From 1921, R.X. was elected to fill positions of denominational leadership. For 17 years, she traveled quarterly (by train, steamboat and motor car) throughout the region and state to hold meetings at fledgling Black Baptist churches of the Third District Missionary Baptist Association. She trained others (women and men) to organize Sunday schools, Baptist Youth People Unions and missionary societies as the Black Missionary Baptist denomination grew. As a confident, gifted Black woman, her exemplary leadership motivated like-minded women. A Cobb School professor said, "Mrs. Arthur is a great worker at home and on the field as a missionary and an uplifting factor of her people."

It is no surprise R.X. was also an activist in her hometown. She was listed as director or officer for nearly every civic organization in the Black community of Cape Girardeau County, circa 1920s and '30s. An advocate for social issues and political involvement, she was an elected officer of Cape Girardeau's first Civic League, the original local NAACP and the Black chapter of the Red Cross.

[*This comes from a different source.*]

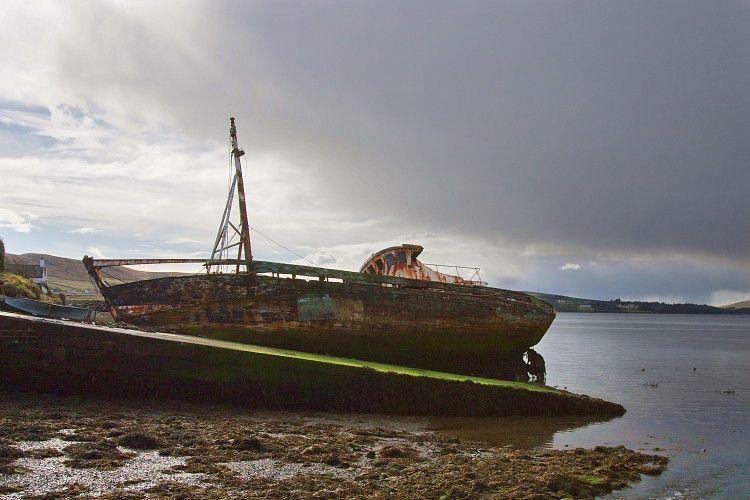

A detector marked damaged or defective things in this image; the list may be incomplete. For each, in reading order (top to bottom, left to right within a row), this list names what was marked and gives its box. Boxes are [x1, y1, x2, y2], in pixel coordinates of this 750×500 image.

abandoned rusty boat [82, 117, 556, 376]
corroded hull [103, 272, 556, 376]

To meet the financial needs of her large family, R.X.'s sisters, daughters and nieces toiled in the hot, heavy labor of providing laundry service for private families. Her home on North Sprigg regularly welcomed and lodged visiting professors, preachers, dignitaries and old friends.

Life had its share of sorrows -- seven of R.X.'s eight children preceded her in death, two different house fires nearly destroyed their home in the early 1930s, financial struggles and health issues curtailed activities in the last months of her life. Certainly, that "She loved and served others" is an apt epithet for this notable woman.